Editorial

Ini Yang Telah Diambil Negara Dari Kita

×

Ini Yang Telah Diambil Negara Dari Kita

Sebarkan artikel ini

KoranAceh.net | Editorial – Kadang, untuk memahami apa yang sesungguhnya telah diambil negara dari kita, kita tidak perlu menunggu pengumuman resmi atau kebijakan formal. Kita hanya perlu melihat apa yang perlahan hilang dari kehidupan tanpa kita sadari. Yang hilang itu bukan sekadar pohon, bukan sekadar bukit, bukan sekadar aliran sungai—melainkan seluruh sistem yang selama ini diam-diam melindungi kita.

Hutan yang dulu menjadi payung bagi tanah kini terbuka lebar, telanjang menyambut matahari dengan cara yang menyedihkan. Dari udara, bekas-bekas luka itu tampak jelas: garis-garis traktor mengiris bukit, pola-pola yang tampak seperti rencana tetapi sebenarnya kekacauan yang dilegalkan. Di bawahnya, tanah kehilangan pegangan, akar-akar yang dulu menahan kehidupan kini tak lagi ada.

Sungai yang dulu tenang kini mengalir keruh, membawa ampas industri dan tanah yang terburai. Angin membawa aroma debu yang dulu tertahan oleh rimbun pepohonan—pepohonan yang kita kira akan selalu ada, sampai suatu hari mesin-mesin datang dan menghapusnya dalam hitungan jam.

Lalu ketika banjir atau longsor datang, media dan para pejabat buru-buru menyebutnya sebagai fenomena alam. Seolah-olah alam tiba-tiba memutuskan untuk marah begitu saja. Seolah-olah hujan adalah penyebab tunggal, bukan rangkaian panjang keputusan-keputusan yang dibiarkan terjadi atas nama pembangunan, atas nama investasi, atas nama pertumbuhan ekonomi yang tak pernah kita rasakan manfaatnya.

Padahal yang hilang adalah perlindungan paling dasar: hutan yang seharusnya dijaga, sungai yang seharusnya dirawat, tanah yang seharusnya diperlakukan sebagai amanah.

Dalam senyapnya bencana, kata-kata Pidi Baiq bergema halus tetapi menghujam dalam: negara tidak hanya mengambil ruang hijau kita—ia telah mengambil ketenangan yang dulu begitu mudah kita rasakan.

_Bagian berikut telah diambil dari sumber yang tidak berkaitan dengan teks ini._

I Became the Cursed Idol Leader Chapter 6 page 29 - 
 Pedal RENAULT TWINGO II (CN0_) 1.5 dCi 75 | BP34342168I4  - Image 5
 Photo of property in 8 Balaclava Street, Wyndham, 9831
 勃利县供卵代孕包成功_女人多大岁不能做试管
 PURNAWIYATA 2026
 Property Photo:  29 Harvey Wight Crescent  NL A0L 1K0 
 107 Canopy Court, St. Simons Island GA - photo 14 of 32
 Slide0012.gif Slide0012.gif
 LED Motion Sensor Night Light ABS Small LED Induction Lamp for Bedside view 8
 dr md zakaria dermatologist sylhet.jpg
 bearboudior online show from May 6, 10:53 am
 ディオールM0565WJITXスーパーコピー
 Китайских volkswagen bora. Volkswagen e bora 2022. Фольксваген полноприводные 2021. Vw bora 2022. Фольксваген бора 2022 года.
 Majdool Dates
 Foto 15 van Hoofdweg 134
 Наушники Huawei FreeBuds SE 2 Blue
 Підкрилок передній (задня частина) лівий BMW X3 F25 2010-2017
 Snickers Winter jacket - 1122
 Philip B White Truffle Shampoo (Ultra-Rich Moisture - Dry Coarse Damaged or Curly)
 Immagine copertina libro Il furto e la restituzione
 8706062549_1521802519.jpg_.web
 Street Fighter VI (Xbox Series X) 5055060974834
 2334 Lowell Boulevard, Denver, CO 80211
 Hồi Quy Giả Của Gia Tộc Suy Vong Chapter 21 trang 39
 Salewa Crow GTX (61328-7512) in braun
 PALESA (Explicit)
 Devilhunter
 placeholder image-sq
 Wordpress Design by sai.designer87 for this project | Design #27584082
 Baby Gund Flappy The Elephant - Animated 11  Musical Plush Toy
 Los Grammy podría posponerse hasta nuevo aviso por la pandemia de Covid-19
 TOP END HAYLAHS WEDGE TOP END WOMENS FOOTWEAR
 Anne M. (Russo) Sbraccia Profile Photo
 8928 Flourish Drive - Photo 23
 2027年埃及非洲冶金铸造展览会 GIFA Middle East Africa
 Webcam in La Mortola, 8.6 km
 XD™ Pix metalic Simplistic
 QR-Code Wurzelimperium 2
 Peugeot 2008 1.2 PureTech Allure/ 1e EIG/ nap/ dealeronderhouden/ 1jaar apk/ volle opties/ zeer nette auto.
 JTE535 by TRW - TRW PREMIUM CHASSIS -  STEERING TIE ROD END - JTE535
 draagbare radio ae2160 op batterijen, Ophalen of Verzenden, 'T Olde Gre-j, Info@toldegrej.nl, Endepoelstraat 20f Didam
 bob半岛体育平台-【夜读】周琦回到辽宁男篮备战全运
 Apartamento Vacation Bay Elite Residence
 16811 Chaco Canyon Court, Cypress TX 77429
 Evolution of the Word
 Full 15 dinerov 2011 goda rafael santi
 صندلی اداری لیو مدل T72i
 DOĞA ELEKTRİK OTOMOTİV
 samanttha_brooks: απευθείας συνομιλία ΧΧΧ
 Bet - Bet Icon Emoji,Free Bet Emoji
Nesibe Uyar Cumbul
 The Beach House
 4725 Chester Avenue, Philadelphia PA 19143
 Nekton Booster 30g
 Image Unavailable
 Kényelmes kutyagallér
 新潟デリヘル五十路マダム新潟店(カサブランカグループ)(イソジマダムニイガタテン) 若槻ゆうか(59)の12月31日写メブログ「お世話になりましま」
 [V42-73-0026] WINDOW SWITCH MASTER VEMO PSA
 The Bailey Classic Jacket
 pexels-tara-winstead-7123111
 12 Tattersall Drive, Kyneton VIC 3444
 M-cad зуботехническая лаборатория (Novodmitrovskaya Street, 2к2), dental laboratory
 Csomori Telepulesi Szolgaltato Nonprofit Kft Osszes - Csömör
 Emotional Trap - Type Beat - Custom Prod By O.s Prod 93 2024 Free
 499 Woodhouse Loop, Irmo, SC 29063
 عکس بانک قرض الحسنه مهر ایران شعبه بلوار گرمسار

Kita kehilangan pagi-pagi yang jernih. Kita kehilangan hujan yang hanya berarti basah, bukan ancaman. Kita kehilangan sungai yang hanya berarti aliran, bukan bahaya. Kita kehilangan rasa aman di kampung sendiri.

Dan kehilangan itu tidak terjadi tiba-tiba. Ia terjadi perlahan, disetujui dalam rapat-rapat yang tidak kita hadiri, ditandatangani oleh tangan yang tidak memikul akibatnya, tetapi kita yang menanggung bebannya—air yang masuk ke rumah, jembatan yang putus, tanah yang bergerak, dan kuburan orang tua yang terbenam.

Jika hutan terus hilang karena keputusan yang bukan kita buat, sampai kapan kita berpura-pura percaya bahwa bencana adalah ulah alam? Sampai kapan kita menganggap derita ini sebagai takdir, bukan hasil dari pilihan yang diberi legitimasi?

Aceh kini sedang membayar harga dari hilangnya sesuatu yang dulu kita anggap biasa: sebuah hutan yang utuh.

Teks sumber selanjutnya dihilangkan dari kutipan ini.